OFE staną się specjalistycznymi funduszami inwestycyjnymi, a wstępną datą do ustalenia wartości kont jest 19 stycznia 2018 r.
W miejsce OFE pojawią się Pracownicze Plany Kapitałowe (PPK).
Teoretycznie są one dobrowolne. Jednak domyślnie zostaną do nich zapisani wszyscy pracownicy i trzeba będzie samodzielnie złożyć deklarację, żeby się z nich wypisać.
Jakby tego było mało, po dwóch latach należy znowu wypełnić taką deklarację. W przeciwnym razie pracodawca ma ponownie obowiązek zapisania pracownika do PPK.
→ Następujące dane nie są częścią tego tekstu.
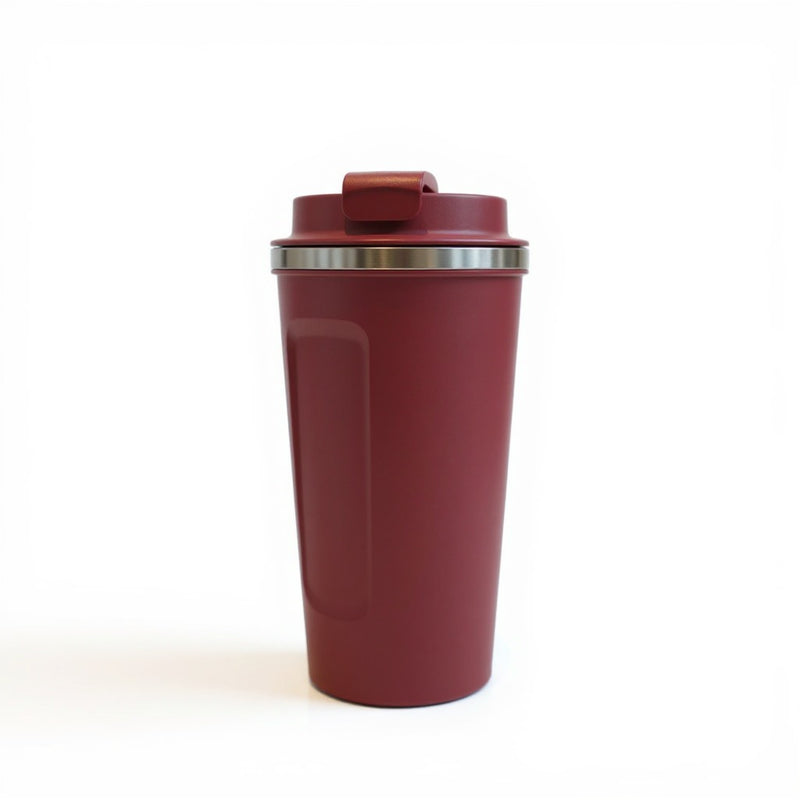 Matte Maroon Insulated Travel Tumbler – Leakproof Stainless Steel Coffee Mug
Składka wyniesie 2 procent pensji netto z możliwością dobrowolnego podniesienia jej o kolejne 2 procent. Z kolei pracodawca będzie zobligowany do wpłacania 1,5 procent wynagrodzenia pracownika z opcją dołożenia kolejnych 2,5 procent. Na zachętę państwo dołoży jakieś drobne (ostatnio wspominano o premii na start 250 zł).
Środkami ma zarządzać Polski Fundusz Rozwoju kierowany przez Pawła Borysa.
Tutaj możecie zapoznać się z najnowszą rozmową z nim na temat PPK.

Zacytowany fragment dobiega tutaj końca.